彫金の技術を駆使して装飾品などを製作する職人

彫金師とは、鏨(たがね)という工具を使って金属を彫る「彫金(ちょうきん)」の技術によって、ジュエリーやアクセサリーなどの装飾品、仏具や家具、建築物などの飾り金具を製作する職人です。

伝統工芸の職人、またはシルバーアクセサリーのアーティスト、ジュエリーデザイナーなどとして活躍する人もいます。

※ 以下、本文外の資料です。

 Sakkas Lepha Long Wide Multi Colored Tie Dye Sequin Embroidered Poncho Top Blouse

製作するものによって、彫金師の作業工程は少し異なります。

ジュエリーであれば、まずは糸鋸(いとのこ)や木槌(きづち)、金槌、プライヤーなどを用いて、地金を切ったり叩いたり曲げたりする金属加工を行います。

バーナーの火で溶かして接着する「ロウ付け」や「ヤスリがけ」という研磨、タガネによる「透かし」「彫り」「打ち出し」「象眼」などの彫金技術を施し、宝石の「石留め」を行います。

デザインや販売、指導などの仕事にあたる人も

彫金師は、自ら製作に携わることはもちろんですが、なかにはデザインや販売まで手掛ける人がいます。

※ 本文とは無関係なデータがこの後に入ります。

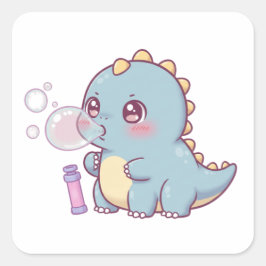 Bubble Dino – Playful & Kawaii! スクエアシール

また、彫金教室の指導者となって、後進の指導に力を入れるケースもあります。

彫金師になるには

彫金の技術を専門学校などで身につけることが可能

彫金師になるために必須の資格や学歴はありません。

ただし、彫金の技術を身につけるためには日々の努力と長年の経験が欠かせず、できれば事前に大学や専門学校、彫金教室などのスクールで学んだほうがよいでしょう。

大学の場合は芸術・美術系のなかでも工芸関連の学科に進み、さらに彫金を専攻することになります。

芸大・美大系の入学試験は学科試験のほか、デッサンなどの実技試験が行われることもあるため、高校生のうちから美術予備校に通うなどの入試対策が必要です。

幅広くアクセサリー製作を学ぶと活躍の場が広がる

また、彫金師は彫金教室の指導者を兼任することも多いため、ロストワックス技法やシルバークレイ(銀粘土)など、彫金以外のアクセサリー製作も学んでおくとよいでしょう。

ある程度の技術が身についたら彫金工房や宝石メーカーに就職するか、彫金師に弟子入りするのが一般的です。

基本亭には現場に入ると見習い期間からスタートし、先輩や師匠の下で仕事を覚えながら、少しずつ難しい業務を任されるようになります。

彫金師の学校・学費

彫金師を目指す人むけの学校として、一般的なものが専門学校です。

デザイン系、工芸系、ジュエリー系の専門学校などでは、彫金技術を基礎から学べる学科・コースが用意されているところがあります。

専門学校は高校を卒業したばかりの若い人が通うことが多く、実践的な勉強を行い、卒業後は彫金師として彫金関連の工房や企業などへの就職を目指します。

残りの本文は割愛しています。